If that's the case, then you are missing out on some potential opportunities to increase your sales and your profits. Smart money management practices include staying in control of how your company's income is being used and to make adjustments that are in the company's best financial interest.
There are many ways to analyze your P&L to identify some lost income opportunities; here are just a few.
1 – Pull last month's P&L statement so you can compare it with the current month's statement.
2 – Compare the Total Income figures and the bottom line Net Income figures. Whether you are up or down compared to the previous month, you need to use the rest of the report to figure out why that may be the case.
Cost of Goods Sold: Look at your cost of goods sold to see if your inventory was replenished fully or you were out of stock on some items that you could have sold. Investigate whether the costs have gone up and you need to pass on the cost increases. You can lose sales by being out of stock as well as not passing on price increases from your suppliers.
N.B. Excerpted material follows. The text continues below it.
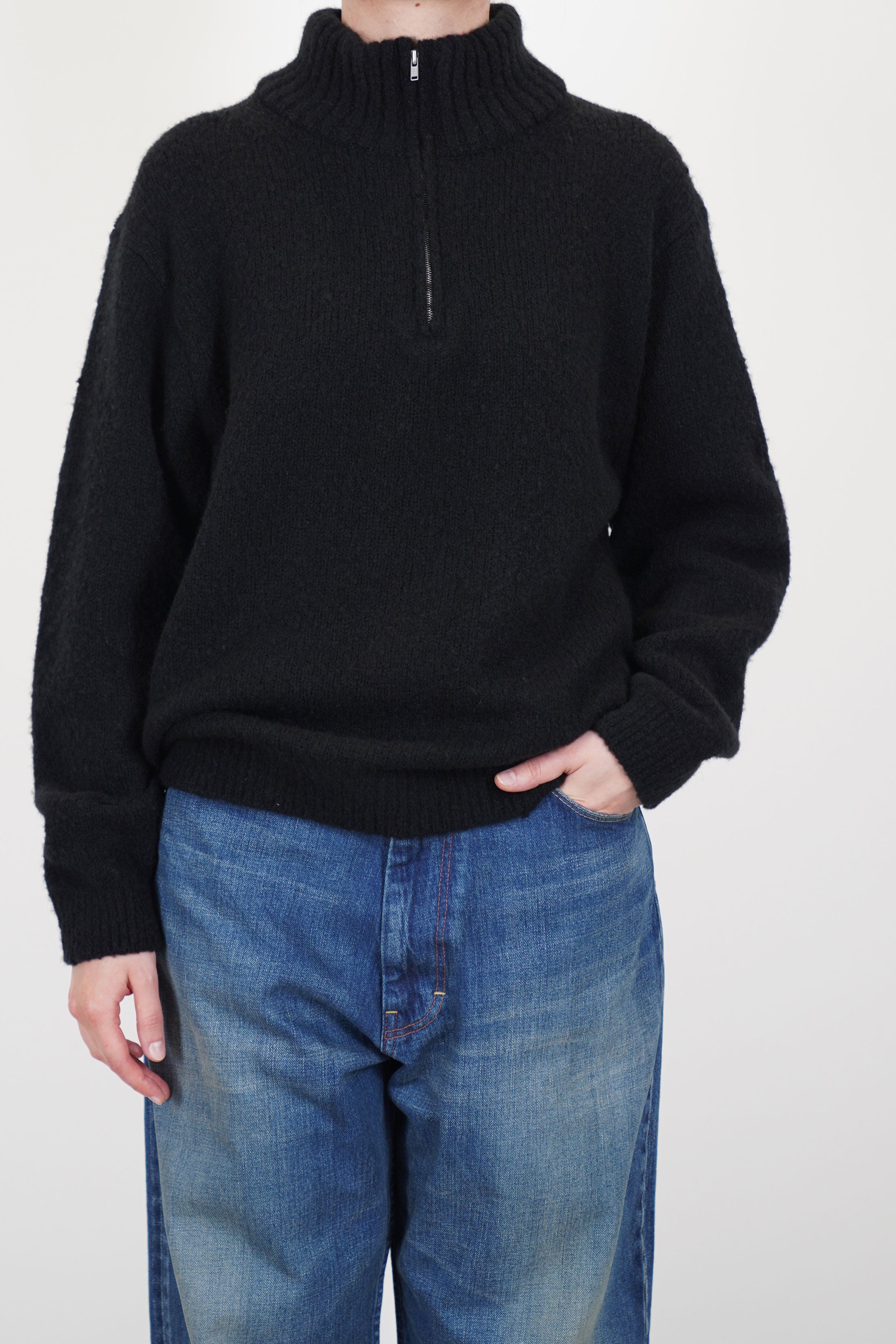half zip sweater boucle black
This would eliminate the strange sensation that you may have experienced when you are ‘selling more' but ‘making less'. And you think, “What the heck is going on here?” So be sure to look this over with a critical eye.
If your suppliers have raised prices, you should increase your pricing structure on the products you are selling. This ensures the sales you make have an adequate profit margin built into them. Sometimes suppliers raise their costs and forget to inform you, or the announcement gets lost before it reaches your in-box, and you don't notice the increase right away. For example, some express parcel shippers tacked on a $20 fuel surcharge increase when gasoline prices surged to over $4 a gallon. They did this because their prices increased, so they had to pass them on to you – their customer.
Tip: Get all of your suppliers to fax you their latest price sheets and compare these figures to the costs you have for the items in your accounting system. Then decide if you should raise your prices to pass any increased costs on to your customers.
Tip: It's better to increase you r prices a smaller bit by bit over time, rather than increase them by a large amount all at once. Notice how a well -known coffee shop raises its prices for coffee a nickel or a dime every 3 – 4 months and customers keep right on buying.
Advertising & Promotion: The first expense item(s) to look at are your advertising and promotion expenses. Did you cut back or increase promotion? Did you change your promotion and is working better or perhaps not working as well?
Too many businesses cut back on promotion in tough times. That's a big mistake. Deciding to cut back on talking to your current and potential customers can cause them to forget your company and to shop at your competitor who is still promoting. Consumers have not stopped buying, they are just being more selective about what they buy and where they shop.
Other Expenses Lines: Compare each expense line to the matching expense from the previous month. Are expenses creeping up without you realizing it? If so you can decide where to cut back. Did previous cost cutting measures help the bottom line profit? If so, congratulate yourself.
Balance Sheet Items: If the bottom line Net Income is up, but you don't have that cash sitting in a bank account where you can see it, it usually means that you paid out the profits to principal owed on debt. Your balance sheet shows you the credit debt (liabilities) you owe and paying those is not deductible except for the finance charges or interest.